My dealer said at 80lbs the Revel's should be fine on carpet without spikes but I want to get this right from the get go? Any help/advice is greatly appreciated-thank you!


Good thing you didn’t go with the Gaias because they are a nightmare with carpet, especially thick carpet. 

One thing I’ve learned over the years is that when leveling spiked speakers, you often have to adjust the spikes by only small fractions of a revolution (like 1/6th) in order to get all spikes firmly contacting the substrate. So you feel the speaker rocking at the top panel and think maybe one whole counter-clockwise turn of the short spike will do the trick when in reality it only takes 1/2 turn or less. 

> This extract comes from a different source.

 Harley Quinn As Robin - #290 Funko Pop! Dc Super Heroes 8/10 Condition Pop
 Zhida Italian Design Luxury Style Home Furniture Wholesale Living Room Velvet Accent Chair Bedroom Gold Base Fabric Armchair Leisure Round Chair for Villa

Wooden subfloors make this even trickier because you have to account for the spikes penetrating the wood and over time they settle. In those situations you want spikes with a wide cone angle similar to the Dayton Audio ISO-4C. 

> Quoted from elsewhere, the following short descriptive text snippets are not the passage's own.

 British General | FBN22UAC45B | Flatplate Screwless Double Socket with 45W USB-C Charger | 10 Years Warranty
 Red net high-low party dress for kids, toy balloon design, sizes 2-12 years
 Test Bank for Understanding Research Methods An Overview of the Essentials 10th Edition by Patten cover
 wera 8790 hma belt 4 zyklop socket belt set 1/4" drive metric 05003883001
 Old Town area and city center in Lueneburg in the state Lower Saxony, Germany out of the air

For those with speakers which incorporate outrigger bases---and for those who added after-market outriggers to their speakers, individual Townshend Audio Seismic Pods may be substituted for the spikes routinely supplied with outrigger bases. Good outriggers fitted with Pods are just as effective---and cheaper---than the Podiums (as well as the Seismic Bars).

Actually a good cabinet shouldn't be conducting sound in the first place, but anyway....Spikes are as effecient at sound conduction as other feet.  They are simply a contact allowing vibrations to pass.  Sonic conduction does not care that they look like a one-way arrow, it just cares if there is a connection - or not.  If you want no connection, then get no connection.  Place them on an air isolator.  Try out some tennis balls for starters.  See if you can tell the difference. 

There is no “best” - that can only be judged by the ear of the beholder - you.

in general, there are two camps, coupled (i.e., using spikes) or decoupled (i.e., usually on an elastic support such as a spring or elastomer, but sometimes on a hard support such as DH Cones or a ball bearing solution.

Back in the day, after footers became a thing, conventional wisdom was to couple with spikes with the possible exception of speakers on a suspended floor over wood joists, where a growing minority started to believe decoupling sounded better.  Currently, people seem to be split as to which option they like best.  

Within each camp, the options range from very basic or DIY-type solutions to very expensive items that are often marketed as “the one best solution.”  

Spike options range from the simple hardened steel, threaded Ramset spikes used by Sound Anchor to large brass footers from the likes of edenSound or Mapleshade.  Townshend has the most popular spring solution, although simple springs can work too.  Herbie’s products may be the most popular elastomers, but there are a variety of silicone or sorbothane based elastomeric footer products available.  You will get many specific recommendations from the folks on this site.

I have heavy PMC MB2SE on thick carpet in my HT room. Carpet sits on underlay over the concrete floor.

Any suggestions? They are quite unstable at the moment, their stands just sitting flush on the carpet. They rock all over the place. 

Thanks for your suggestions in advance.